On Mon, Oct 24, 2016 at 9:27 AM, Ram
I am not sure I understood a few things you said like, [...] Does this, [...] mean I would need to iterate using the unique key and find the object I want to update and change this non-unique key to the new one?
No. Perhaps the pseudo C++11 code below will help? Lets assume your unique index is the first index (index = 0), and the non-unique one is second index (index = 1). using bmi_t = ...; bmi_t& bmi = /*get the BMI container*/; auto& uniq_idx = bmi.get<0>(); auto unique_idx_iter = uniq_idx.find(uniq_key); if (unique_idx_iter == uniq_idx.end()) return; auto nonunique_iter = bmi.project<1>(unique_idx_iter); auto& nonuniq_idx = bmi.get<0>(); bool ok = nonuniq_idx.modify(nonunique_iter, [&new_value](bmi_t::value_type& element) { element.setNonUniqueIdString(new_value); }); if the modification could be veto'd by any of your indexes, you'd probably use the overload with a Rollback functor.

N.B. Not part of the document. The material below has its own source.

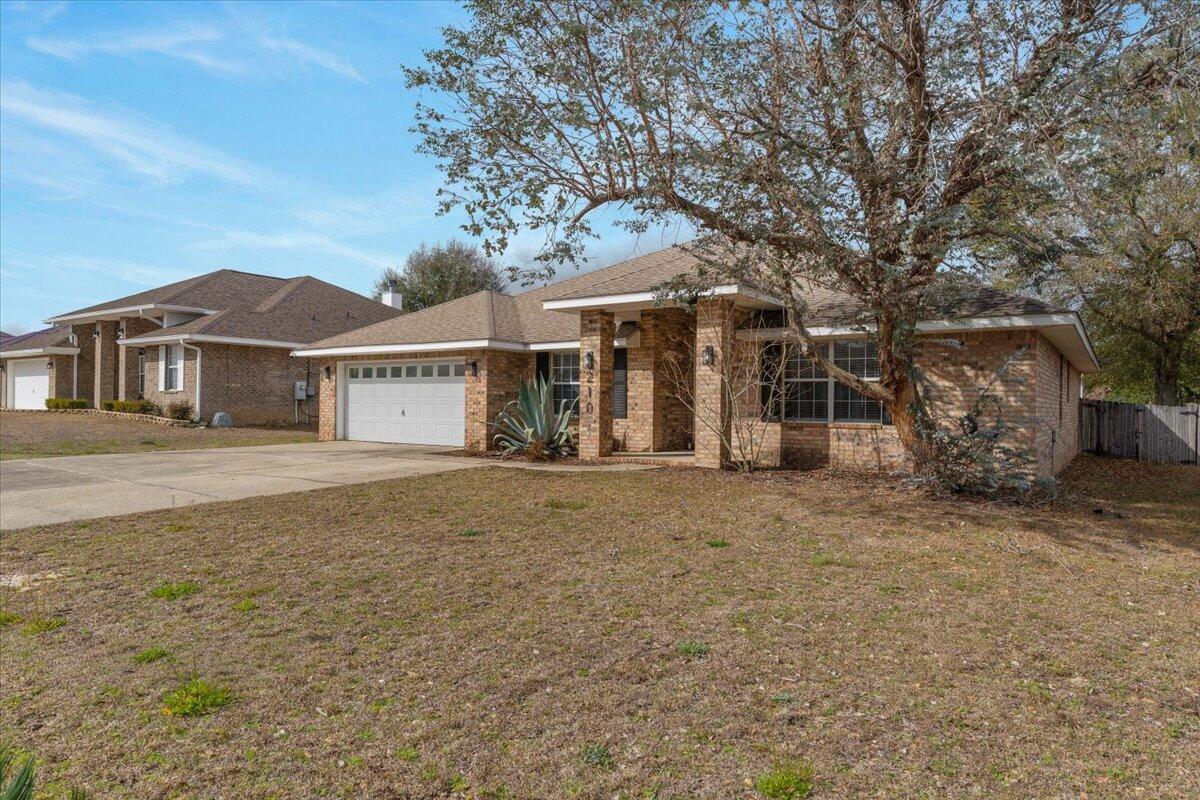 210 Citadel Lane Crestview, FL 32539 - Photo 5 of 38 a front view of a house with a yard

For actual code, I'm sure there's an example in your Boost install. --DD PS: If you don't have a unique index and unique key for your element, then indeed you need to iterate on your container (or non-unique index), and figure out in an ad-hoc way which exact element you want to modify. (and need to project<1>() only if not iterating on the index you want to modify).